[CRIU] [PATCH 18/18] SCM: Dump and restore SCM_RIGHTs
Pavel Emelyanov
xemul at virtuozzo.com
Wed Jul 12 15:10:01 MSK 2017
>>>> + for (i = 0; i < n_ids; i++) {
>>>> + struct file_desc *tgt;
>>>> + struct fdinfo_list_entry *fle;
>>>> + struct scm_fle *sfle;
>>>> + FdinfoEntry *e;
>>>> + int fd;
>>>> +
>>>> + tgt = find_file_desc_raw(FD_TYPES__UND, file_ids[i]);
>>>> + if (!tgt) {
>>>> + pr_err("Can't find fdesc to send\n");
>>>> + return -1;
>>>> + }
>>>> +
>>>> + pr_info("`- Found %d file\n", file_ids[i]);
>>>> + fd = find_unused_fd(owner, -1);
>>>
>>> If I haven't missed something, I don't see, where you try
>>> to found the fle in task's file descriptor to use it for
>>> queuing.
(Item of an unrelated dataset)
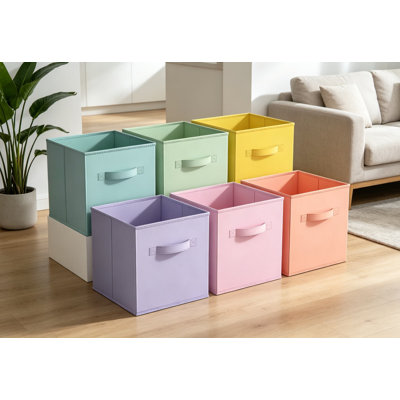 11 Inch Fabric Storage Cubes 6 Pack - Sturdy Collapsible Bins with Handles, Foldable Baskets for Organizing Clothes, Toys, Books, and Shelves - Nonwoven Polypropylene, Pastel Multi-Color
It seems, we add a fake fle for every packet in
>>> a queue. If it's so, it's not performance-good, and firstly
>>> we should try to check, that task already owns the fle instead
>>> of that.
>>
>> Yes, I made this deliberately. Adding one more descriptor for a file
>> will take us several syscalls more. Fortunately queues with scms will
>> not be a frequent case.
>
> Your series restore queues with file descriptors in scm, and one of
> the queuers is used to to that. Task of this queuer obtains additional
> file descriptors. Right?
Right. Task of the master fle of the queuer does so.
> If so, why we don't try to analyze the task's
> descriptors, if it already has the one, we add?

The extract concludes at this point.